Kimberly Phandana berhenti dan kembali menyeka ekor matanya. Akan tetapi, ia masih enggan untuk menatap sang pangeran pujaan hatinya.

"Tidak ada yang perlu didengarkan, Sean. Maafkan aku… Memang aku yang tidak tahu diri… Memang aku yang tidak tahu posisiku itu selama ini di mana…"

"Kenapa kau harus meminta maaf untuk sebuah kebenaran? Kau tidak salah… Yang salah adalah Wilona Jeanette Liangdy. Dia yang tidak menyadari selama ini posisinya itu ada di mana. Dia yang telah masuk ke tengah-tengah kita berdua." Tangan Sean naik dan membersihkan sisa-sisa cake dan krim yang masih menempel pada wajah dan sebagian rambut bagian depan Kimberly.
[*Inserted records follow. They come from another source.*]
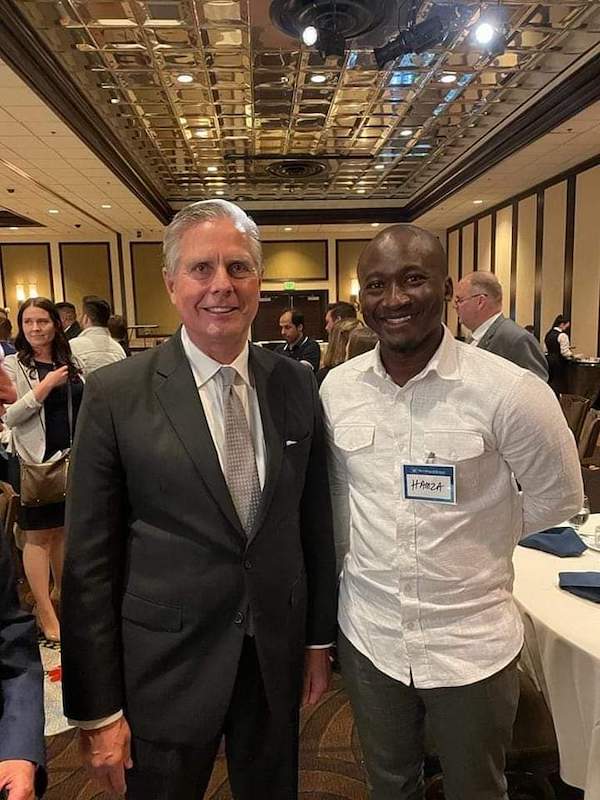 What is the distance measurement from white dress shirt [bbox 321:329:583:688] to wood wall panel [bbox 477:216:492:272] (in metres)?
12.1

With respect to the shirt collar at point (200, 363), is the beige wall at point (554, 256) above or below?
above

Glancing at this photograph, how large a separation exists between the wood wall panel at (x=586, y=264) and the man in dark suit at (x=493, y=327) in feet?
15.6

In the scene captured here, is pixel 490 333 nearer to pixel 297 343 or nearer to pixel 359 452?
pixel 297 343

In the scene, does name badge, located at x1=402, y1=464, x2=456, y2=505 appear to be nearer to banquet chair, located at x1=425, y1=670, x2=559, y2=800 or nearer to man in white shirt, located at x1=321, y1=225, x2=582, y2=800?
Result: man in white shirt, located at x1=321, y1=225, x2=582, y2=800

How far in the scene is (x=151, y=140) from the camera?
8.39 m

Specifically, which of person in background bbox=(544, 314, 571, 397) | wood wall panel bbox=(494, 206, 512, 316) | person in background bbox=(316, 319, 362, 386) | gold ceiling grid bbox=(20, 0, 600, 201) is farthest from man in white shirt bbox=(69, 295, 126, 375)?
wood wall panel bbox=(494, 206, 512, 316)

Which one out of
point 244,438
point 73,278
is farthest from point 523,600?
point 73,278

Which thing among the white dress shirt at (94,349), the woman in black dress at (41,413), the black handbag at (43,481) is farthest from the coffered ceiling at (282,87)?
the black handbag at (43,481)

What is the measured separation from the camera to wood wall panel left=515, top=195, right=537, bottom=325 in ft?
34.9

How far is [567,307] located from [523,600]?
870 cm

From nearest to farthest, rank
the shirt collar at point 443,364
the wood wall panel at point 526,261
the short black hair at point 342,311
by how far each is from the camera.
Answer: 1. the shirt collar at point 443,364
2. the short black hair at point 342,311
3. the wood wall panel at point 526,261

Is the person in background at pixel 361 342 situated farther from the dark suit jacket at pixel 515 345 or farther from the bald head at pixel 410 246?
the bald head at pixel 410 246

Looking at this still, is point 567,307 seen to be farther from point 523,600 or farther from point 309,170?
point 523,600

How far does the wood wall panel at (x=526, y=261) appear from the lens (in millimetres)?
10625
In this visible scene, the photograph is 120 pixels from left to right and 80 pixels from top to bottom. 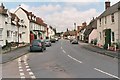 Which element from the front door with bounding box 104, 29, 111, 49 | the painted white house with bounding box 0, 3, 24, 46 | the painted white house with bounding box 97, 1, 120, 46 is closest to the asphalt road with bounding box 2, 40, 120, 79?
the painted white house with bounding box 97, 1, 120, 46

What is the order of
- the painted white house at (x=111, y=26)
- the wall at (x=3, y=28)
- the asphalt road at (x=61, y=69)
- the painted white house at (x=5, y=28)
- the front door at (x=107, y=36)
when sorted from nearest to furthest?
the asphalt road at (x=61, y=69) < the painted white house at (x=111, y=26) < the wall at (x=3, y=28) < the painted white house at (x=5, y=28) < the front door at (x=107, y=36)

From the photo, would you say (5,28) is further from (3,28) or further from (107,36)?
(107,36)

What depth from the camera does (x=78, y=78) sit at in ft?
41.8

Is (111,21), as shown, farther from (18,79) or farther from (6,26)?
(18,79)

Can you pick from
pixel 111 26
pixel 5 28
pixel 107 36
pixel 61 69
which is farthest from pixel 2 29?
pixel 61 69

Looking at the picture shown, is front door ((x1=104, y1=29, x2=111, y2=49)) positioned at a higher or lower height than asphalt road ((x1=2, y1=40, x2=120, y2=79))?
higher

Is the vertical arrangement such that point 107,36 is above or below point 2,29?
below

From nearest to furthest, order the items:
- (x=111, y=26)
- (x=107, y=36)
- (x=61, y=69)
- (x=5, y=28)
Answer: (x=61, y=69) < (x=111, y=26) < (x=107, y=36) < (x=5, y=28)

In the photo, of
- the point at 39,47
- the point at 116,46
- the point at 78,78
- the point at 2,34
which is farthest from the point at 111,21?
the point at 78,78

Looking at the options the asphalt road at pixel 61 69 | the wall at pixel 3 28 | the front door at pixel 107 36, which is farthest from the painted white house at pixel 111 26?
the asphalt road at pixel 61 69

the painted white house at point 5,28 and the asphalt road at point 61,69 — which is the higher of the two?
the painted white house at point 5,28

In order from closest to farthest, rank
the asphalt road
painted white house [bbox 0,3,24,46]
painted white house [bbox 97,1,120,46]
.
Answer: the asphalt road
painted white house [bbox 97,1,120,46]
painted white house [bbox 0,3,24,46]

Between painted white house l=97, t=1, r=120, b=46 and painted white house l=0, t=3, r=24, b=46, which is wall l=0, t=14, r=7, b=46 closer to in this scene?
painted white house l=0, t=3, r=24, b=46

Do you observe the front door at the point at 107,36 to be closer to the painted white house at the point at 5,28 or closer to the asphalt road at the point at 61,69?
the painted white house at the point at 5,28
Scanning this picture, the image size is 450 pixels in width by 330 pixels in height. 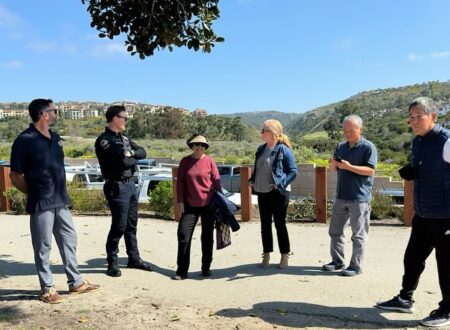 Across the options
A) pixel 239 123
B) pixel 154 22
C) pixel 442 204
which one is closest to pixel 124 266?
pixel 154 22

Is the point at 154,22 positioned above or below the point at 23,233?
above

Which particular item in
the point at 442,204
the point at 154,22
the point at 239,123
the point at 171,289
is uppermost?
the point at 239,123

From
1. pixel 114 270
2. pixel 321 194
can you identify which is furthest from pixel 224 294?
pixel 321 194

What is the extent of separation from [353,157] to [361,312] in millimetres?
1815

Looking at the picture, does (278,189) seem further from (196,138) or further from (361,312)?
(361,312)

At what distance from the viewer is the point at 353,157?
18.6ft

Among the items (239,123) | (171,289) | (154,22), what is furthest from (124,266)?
(239,123)

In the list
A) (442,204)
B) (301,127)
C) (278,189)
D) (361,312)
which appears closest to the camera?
(442,204)

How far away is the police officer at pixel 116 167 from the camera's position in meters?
5.84

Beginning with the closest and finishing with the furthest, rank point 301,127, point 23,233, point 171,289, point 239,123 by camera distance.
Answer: point 171,289
point 23,233
point 239,123
point 301,127

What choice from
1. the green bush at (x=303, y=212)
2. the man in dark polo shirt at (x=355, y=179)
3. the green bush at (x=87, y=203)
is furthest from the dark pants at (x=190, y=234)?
the green bush at (x=87, y=203)

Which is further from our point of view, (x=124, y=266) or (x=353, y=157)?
(x=124, y=266)

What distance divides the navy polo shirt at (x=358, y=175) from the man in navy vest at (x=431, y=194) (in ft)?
3.78

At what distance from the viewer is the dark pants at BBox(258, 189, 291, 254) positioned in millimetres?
6062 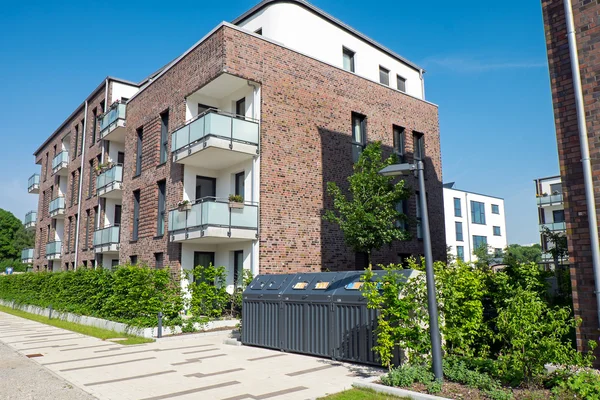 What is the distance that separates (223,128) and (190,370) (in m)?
9.22

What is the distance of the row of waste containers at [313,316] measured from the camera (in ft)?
28.8

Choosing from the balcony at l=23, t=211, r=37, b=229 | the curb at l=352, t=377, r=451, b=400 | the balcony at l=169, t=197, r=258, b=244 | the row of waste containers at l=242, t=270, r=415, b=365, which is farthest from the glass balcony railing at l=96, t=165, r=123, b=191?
the balcony at l=23, t=211, r=37, b=229

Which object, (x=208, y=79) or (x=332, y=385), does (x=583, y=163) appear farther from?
(x=208, y=79)

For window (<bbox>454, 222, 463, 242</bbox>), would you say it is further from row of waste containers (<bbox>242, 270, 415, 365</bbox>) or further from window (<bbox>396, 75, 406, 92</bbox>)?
row of waste containers (<bbox>242, 270, 415, 365</bbox>)

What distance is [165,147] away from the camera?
1983 centimetres

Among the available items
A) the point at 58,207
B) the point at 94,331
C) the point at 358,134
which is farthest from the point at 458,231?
the point at 94,331

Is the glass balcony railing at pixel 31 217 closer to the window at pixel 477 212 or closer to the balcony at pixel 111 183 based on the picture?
the balcony at pixel 111 183

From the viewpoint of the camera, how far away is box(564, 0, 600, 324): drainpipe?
22.0ft

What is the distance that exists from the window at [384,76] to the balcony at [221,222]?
11.0m

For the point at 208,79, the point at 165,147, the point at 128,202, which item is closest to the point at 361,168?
the point at 208,79

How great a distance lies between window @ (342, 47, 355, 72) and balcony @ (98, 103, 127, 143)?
1131 cm

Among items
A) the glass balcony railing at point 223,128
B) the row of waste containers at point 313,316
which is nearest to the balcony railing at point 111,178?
the glass balcony railing at point 223,128

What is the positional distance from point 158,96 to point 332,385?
16.6 metres

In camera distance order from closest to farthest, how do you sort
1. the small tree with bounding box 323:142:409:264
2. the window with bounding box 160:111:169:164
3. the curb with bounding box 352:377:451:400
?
the curb with bounding box 352:377:451:400 → the small tree with bounding box 323:142:409:264 → the window with bounding box 160:111:169:164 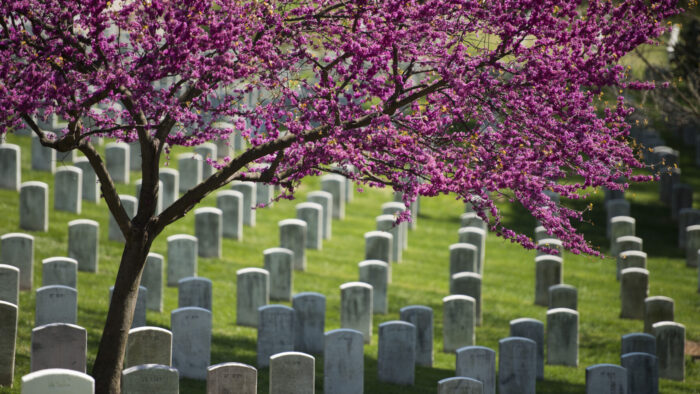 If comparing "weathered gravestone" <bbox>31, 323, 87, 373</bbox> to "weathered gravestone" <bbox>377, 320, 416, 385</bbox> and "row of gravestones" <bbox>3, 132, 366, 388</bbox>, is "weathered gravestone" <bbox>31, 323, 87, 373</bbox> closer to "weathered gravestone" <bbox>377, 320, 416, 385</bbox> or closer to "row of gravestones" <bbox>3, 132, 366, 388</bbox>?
"row of gravestones" <bbox>3, 132, 366, 388</bbox>

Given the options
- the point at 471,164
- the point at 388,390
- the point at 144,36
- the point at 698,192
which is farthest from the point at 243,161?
the point at 698,192

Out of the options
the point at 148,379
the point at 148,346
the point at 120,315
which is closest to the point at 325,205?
the point at 148,346

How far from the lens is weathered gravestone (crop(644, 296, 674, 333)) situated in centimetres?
1337

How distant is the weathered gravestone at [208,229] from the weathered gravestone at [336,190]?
404 centimetres

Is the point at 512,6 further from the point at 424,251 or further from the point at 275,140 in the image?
the point at 424,251

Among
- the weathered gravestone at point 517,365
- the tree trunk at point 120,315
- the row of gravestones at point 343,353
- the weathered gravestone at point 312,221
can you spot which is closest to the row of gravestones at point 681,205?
the weathered gravestone at point 312,221

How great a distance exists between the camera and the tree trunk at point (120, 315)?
9109 millimetres

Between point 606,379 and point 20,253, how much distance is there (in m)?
7.22

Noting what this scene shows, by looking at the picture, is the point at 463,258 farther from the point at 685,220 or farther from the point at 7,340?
the point at 7,340

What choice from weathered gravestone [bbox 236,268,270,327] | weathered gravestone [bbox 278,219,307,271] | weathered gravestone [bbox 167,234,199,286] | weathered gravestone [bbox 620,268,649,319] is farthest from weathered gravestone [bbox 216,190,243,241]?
weathered gravestone [bbox 620,268,649,319]

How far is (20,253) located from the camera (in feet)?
41.8

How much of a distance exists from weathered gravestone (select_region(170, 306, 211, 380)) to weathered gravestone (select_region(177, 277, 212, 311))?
64.4 inches

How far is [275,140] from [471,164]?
171 centimetres

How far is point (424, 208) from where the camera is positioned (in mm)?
21828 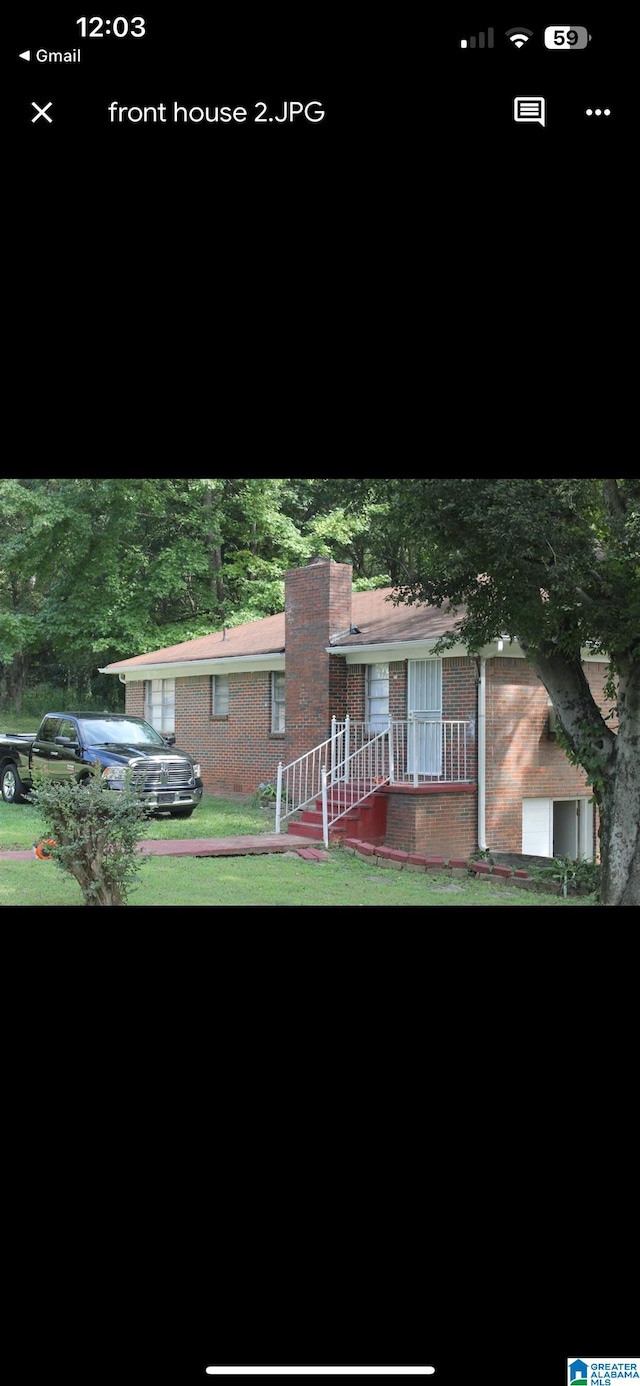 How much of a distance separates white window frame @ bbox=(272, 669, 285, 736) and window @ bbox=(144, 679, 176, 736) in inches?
57.8

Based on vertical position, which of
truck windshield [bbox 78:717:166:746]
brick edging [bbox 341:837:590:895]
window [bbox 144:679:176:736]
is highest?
window [bbox 144:679:176:736]

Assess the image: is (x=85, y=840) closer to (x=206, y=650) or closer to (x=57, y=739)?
(x=57, y=739)

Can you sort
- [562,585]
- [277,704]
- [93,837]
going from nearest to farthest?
[93,837]
[562,585]
[277,704]

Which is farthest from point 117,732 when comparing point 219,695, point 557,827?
point 557,827

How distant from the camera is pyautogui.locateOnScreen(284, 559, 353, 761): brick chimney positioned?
7.75 m

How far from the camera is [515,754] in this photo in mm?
7535

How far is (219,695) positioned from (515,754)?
2248 millimetres

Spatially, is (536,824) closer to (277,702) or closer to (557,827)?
(557,827)

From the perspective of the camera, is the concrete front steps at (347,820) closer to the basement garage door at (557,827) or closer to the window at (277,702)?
the window at (277,702) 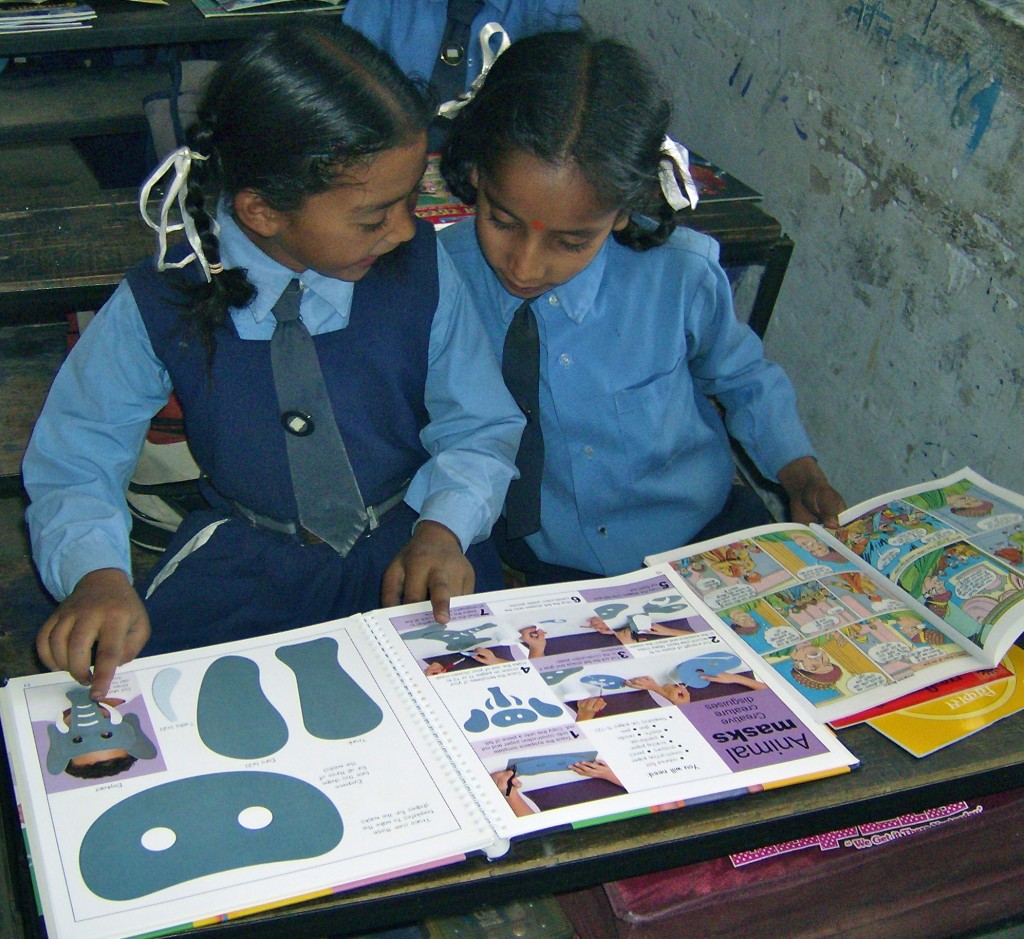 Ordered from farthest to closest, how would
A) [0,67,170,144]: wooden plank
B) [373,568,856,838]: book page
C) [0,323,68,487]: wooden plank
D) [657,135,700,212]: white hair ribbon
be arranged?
[0,67,170,144]: wooden plank, [0,323,68,487]: wooden plank, [657,135,700,212]: white hair ribbon, [373,568,856,838]: book page

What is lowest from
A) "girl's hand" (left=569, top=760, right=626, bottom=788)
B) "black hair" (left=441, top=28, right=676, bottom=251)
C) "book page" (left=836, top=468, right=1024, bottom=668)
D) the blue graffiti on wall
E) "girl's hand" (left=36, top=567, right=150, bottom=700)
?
"girl's hand" (left=36, top=567, right=150, bottom=700)

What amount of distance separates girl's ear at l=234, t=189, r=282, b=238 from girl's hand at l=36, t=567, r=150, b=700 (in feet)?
1.37

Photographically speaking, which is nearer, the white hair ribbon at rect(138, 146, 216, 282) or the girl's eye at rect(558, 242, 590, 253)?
the white hair ribbon at rect(138, 146, 216, 282)

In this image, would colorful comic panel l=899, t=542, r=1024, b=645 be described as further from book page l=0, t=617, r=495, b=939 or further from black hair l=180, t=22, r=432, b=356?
black hair l=180, t=22, r=432, b=356

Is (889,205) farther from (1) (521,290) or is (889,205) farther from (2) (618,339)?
(1) (521,290)

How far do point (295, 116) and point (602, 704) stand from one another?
670 mm

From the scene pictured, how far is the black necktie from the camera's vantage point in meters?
1.46

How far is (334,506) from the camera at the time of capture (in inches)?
52.0

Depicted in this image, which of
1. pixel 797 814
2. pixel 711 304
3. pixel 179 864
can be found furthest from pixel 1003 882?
pixel 179 864

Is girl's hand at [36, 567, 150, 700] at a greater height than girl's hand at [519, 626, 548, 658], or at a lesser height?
lesser

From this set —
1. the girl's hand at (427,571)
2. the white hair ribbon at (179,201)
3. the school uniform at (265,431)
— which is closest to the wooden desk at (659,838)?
the girl's hand at (427,571)

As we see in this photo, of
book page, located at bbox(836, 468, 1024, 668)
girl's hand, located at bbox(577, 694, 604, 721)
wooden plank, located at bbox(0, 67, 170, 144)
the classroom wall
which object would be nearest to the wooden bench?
the classroom wall

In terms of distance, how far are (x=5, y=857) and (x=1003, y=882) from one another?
1.18 meters

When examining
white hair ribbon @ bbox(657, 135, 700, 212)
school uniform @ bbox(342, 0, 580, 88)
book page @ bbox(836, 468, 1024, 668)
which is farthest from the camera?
school uniform @ bbox(342, 0, 580, 88) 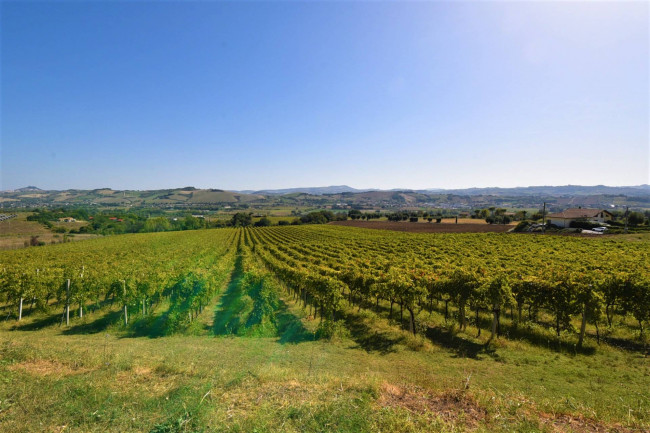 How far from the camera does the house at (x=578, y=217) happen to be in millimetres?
78562

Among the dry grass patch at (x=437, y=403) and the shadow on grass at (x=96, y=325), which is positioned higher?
the dry grass patch at (x=437, y=403)

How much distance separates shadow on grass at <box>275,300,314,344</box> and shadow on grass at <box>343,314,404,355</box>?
8.52 ft

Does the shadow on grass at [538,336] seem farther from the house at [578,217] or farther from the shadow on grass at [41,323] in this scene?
the house at [578,217]

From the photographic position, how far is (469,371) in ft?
36.6

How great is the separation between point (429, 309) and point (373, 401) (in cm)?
1439

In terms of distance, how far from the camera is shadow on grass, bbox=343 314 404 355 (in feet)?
46.0

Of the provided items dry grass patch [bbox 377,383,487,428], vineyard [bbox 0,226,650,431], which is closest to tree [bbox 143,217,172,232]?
vineyard [bbox 0,226,650,431]

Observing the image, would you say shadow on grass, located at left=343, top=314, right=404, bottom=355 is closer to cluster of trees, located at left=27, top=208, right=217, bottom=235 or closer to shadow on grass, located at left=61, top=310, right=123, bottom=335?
shadow on grass, located at left=61, top=310, right=123, bottom=335

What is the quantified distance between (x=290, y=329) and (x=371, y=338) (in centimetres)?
506

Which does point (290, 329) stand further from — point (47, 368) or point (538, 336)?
point (538, 336)

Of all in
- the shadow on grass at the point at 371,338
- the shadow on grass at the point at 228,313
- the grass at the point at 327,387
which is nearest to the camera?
the grass at the point at 327,387

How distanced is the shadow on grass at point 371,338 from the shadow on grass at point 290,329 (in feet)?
8.52

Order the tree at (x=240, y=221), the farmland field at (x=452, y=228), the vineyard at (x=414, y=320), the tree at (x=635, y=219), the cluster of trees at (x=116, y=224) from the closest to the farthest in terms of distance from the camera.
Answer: the vineyard at (x=414, y=320) < the tree at (x=635, y=219) < the farmland field at (x=452, y=228) < the cluster of trees at (x=116, y=224) < the tree at (x=240, y=221)

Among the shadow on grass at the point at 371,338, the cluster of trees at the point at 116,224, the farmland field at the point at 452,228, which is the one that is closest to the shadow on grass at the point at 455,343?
the shadow on grass at the point at 371,338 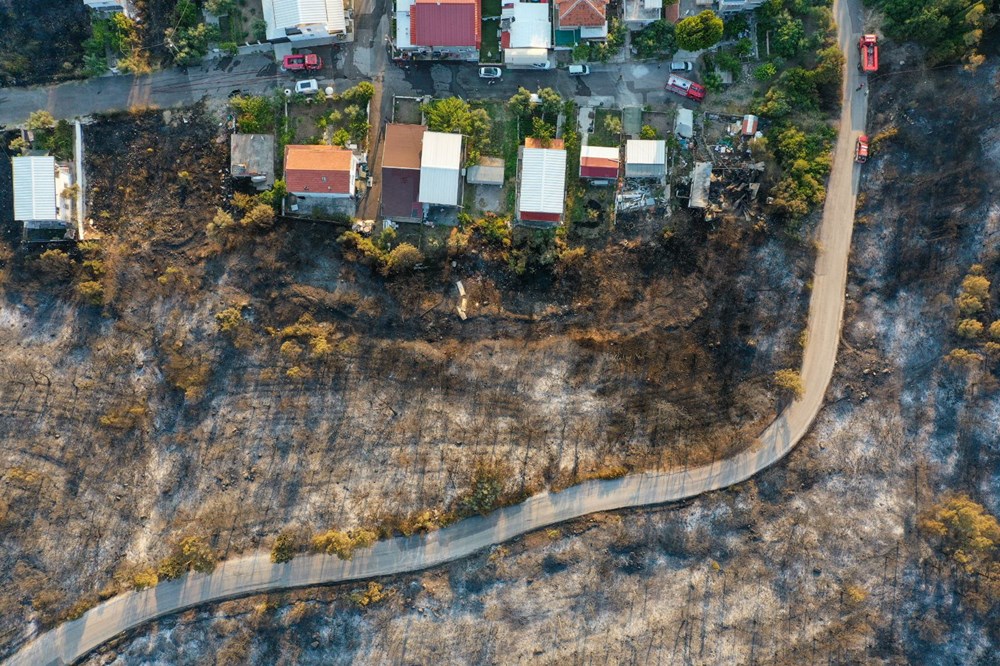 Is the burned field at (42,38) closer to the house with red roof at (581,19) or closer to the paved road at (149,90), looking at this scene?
the paved road at (149,90)

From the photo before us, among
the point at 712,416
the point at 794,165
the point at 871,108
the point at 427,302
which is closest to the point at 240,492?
the point at 427,302

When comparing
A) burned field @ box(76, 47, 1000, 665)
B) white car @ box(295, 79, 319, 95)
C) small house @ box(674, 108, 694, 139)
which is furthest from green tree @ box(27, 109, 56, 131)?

Kimberly Phandana kini mengangkat mata dan kepalanya, menatap kedua bola mata sang pangeran tampan yang kini juga membalas tatapannya dengan sinar mata penuh cinta.

Sean mengumpulkan segenap keberaniannya dan akhirnya ia menyatakan perasaannya pada Kimberly detik itu juga.

"Sebenarnya aku ingin tunggu sampai malam ini baru aku mengatakan ini kepadamu. Namun, aku tidak ingin kau lari dariku lagi. Aku akan memberitahumu sekarang. Aku tidak menyukai Wilona Jeanette Liangdy sama sekali. Orang yang kusukai itu adalah kau, Kimberly…"

"Hah…?" Kimberly Phandana terpana untuk beberapa detik. Dia sungguh terbuai ke dalam pengakuan cinta sang pangeran tampan, yang selama ini didambakannya, yang selama ini dirindukannya, dan yang selama ini diharapkannya.

"Kalau begitu aku ingin tanya padamu… Apa yang terjadi di antara kita berdua ketika aku membawamu pulang ke apartemenmu malam itu? Apa kau bisa mengingatnya sekarang?" tanya Kimberly dengan penuh-penuh harap.